10/06/2015 17:21
Hermenêutica perversa
O tratado da hermenêutica, termo grego que trata da arte e da técnica de interpretação de um texto ou sentença, é essencial na introdução ao Direito, e está intimamente relacionado à Teoria dos Valores. Interpretar uma sentença ou afirmação filosófica é indagar pelos valores que lhe dão suporte. Interpretar é perguntar pela visão de mundo que ampara a postura do intérprete ou tradutor dos valores que estão em jogo. Entre as diversas formas de interpretação, a mais consagrada é a interpretação histórica, que busca o sentido inicial do conceito jurídico ou da norma, através de precedentes normativos, justificativas de elaboração de leis e da jurisprudência. No caso da sentença do juiz federal, o valor implícito é o resguardo do interesse público. A hermenêutica dos braços cruzados, enfatiza o contrário e desembarca no prejuízo da coletividade, expresso neste momento com os riscos efetivos de redução de postos de trabalho. Pune-se o justo, aquele que produz riqueza na relação frutuosa entre capital e trabalho e anistia-se o pecador, para recorrer à dialética bíblica e poupar o autor das contradições que desencadearam a paralisação. Ou estaria o movimento paredista provocando qualquer desconforto ao algoz de suas amarguras trabalhistas?
Prejuízos imensuráveis
O argumento que embasa a ação do Cieam é cristalino, objetivo, acima e além de qualquer interpretação circunstancial: "a deflagração da greve, com a suspensão, mesmo parcial, das atividades essenciais da autarquia já está causando prejuízos imensuráveis aos associados, podendo culminar com a paralisação das indústrias e das linhas de produção por conta da falta de matéria-prima." Quem vai pagar o prejuízo já estimado em R$ 300 milhões e os prejuízos do desemprego, no comércio e serviços e nas famílias?
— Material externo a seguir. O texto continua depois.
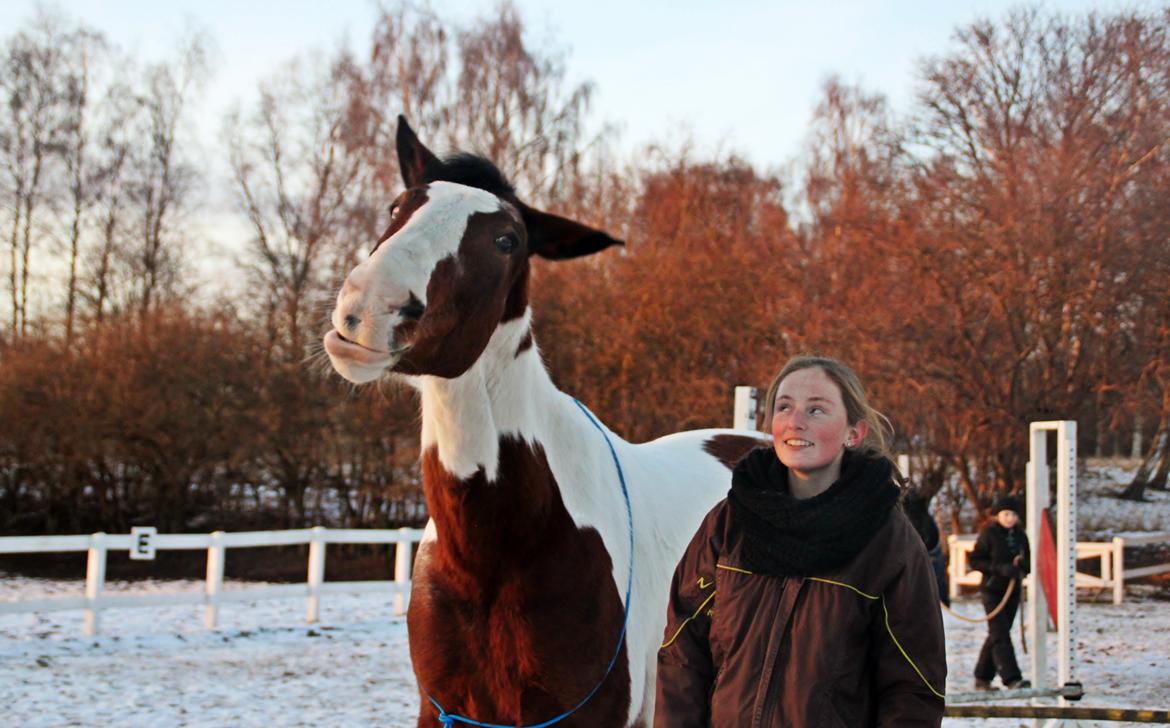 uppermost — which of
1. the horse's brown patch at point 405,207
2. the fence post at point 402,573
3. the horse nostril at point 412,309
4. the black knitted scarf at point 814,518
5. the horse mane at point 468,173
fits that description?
the horse mane at point 468,173

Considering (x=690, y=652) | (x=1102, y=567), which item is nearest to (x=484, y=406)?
(x=690, y=652)

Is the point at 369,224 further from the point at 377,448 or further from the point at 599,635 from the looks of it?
the point at 599,635

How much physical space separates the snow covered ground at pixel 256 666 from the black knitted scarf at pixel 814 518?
5.75 metres

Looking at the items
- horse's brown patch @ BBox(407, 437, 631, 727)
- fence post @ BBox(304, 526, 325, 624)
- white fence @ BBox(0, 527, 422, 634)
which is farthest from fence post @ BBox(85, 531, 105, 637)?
horse's brown patch @ BBox(407, 437, 631, 727)

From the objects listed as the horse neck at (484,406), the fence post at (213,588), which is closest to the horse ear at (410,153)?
the horse neck at (484,406)

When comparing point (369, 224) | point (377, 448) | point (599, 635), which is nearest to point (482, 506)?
point (599, 635)

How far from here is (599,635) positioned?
2.95 metres

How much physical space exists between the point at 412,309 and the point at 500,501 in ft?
2.31

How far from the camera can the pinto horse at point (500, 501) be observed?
2666 millimetres

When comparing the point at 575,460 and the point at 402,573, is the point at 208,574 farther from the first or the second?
the point at 575,460

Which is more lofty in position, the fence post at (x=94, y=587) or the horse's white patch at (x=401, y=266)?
the horse's white patch at (x=401, y=266)

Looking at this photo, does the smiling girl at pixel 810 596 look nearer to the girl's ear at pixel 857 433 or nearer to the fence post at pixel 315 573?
the girl's ear at pixel 857 433

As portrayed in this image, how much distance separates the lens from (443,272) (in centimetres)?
256

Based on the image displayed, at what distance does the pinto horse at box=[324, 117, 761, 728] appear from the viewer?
8.75 ft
O prejuízo mais consolidado que decorre desta paralisação - mais uma diante da inflexibilidade federal - é o abalo imposto ao modelo, a carga de desconfiança para novos e antigos investidores e, de quebra, argumentos para aqueles que acham que é necessário por fim ao mecanismo de renúncia fiscal para reduzir as desigualdades regionais.
A que se destina?
Desigualdade regional, banco genético amazônico, desenvolvimento e sustentabilidade foram jogados na mesma catraia da irrelevância. Para os desafetos da ZFM, distantes ou presentes, isso deixou de ser importante, incluindo a real possibilidade de transformar o patrimônio genético e florestal em conhecimento e riqueza nacional. Uma tendência atual do Direito é distanciar-se do entendimento da letra da lei e aproximar-se do propósito da norma e dos princípios éticos que a sustentam "a LEI mata e o ESPÍRITO vivifica". E a norma soberana diz respeito ao momento sombrio, de insegurança e de desconfiança, porque passam todos os setores da economia e o conjunto da sociedade. A paralisação da Suframa atende a que interesses neste momento? Cabe lembrar que a classe política, as duas Casas Legislativas do Congresso Nacional, já fizeram tudo o que parecia factível e legal a respeito do imbróglio que atormenta os servidores da Suframa e naufragaram em seus compromissos diante do poder de veto que a Constituição confere à presidência da República. É simbólico, neste momento, o desembarque dos técnicos do Planejamento. Eles não vêm para conversar com os grevistas. Já lhes disseram, de seu ponto de vista, todo o beabá da irrelevância de suas bandeiras. A presença federal é para resguardar, aqui, o interesse federal da mudança estrutural da autarquia, onde não há lugar para a hermenêutica sombria e distorcida de resguardo do bem comum.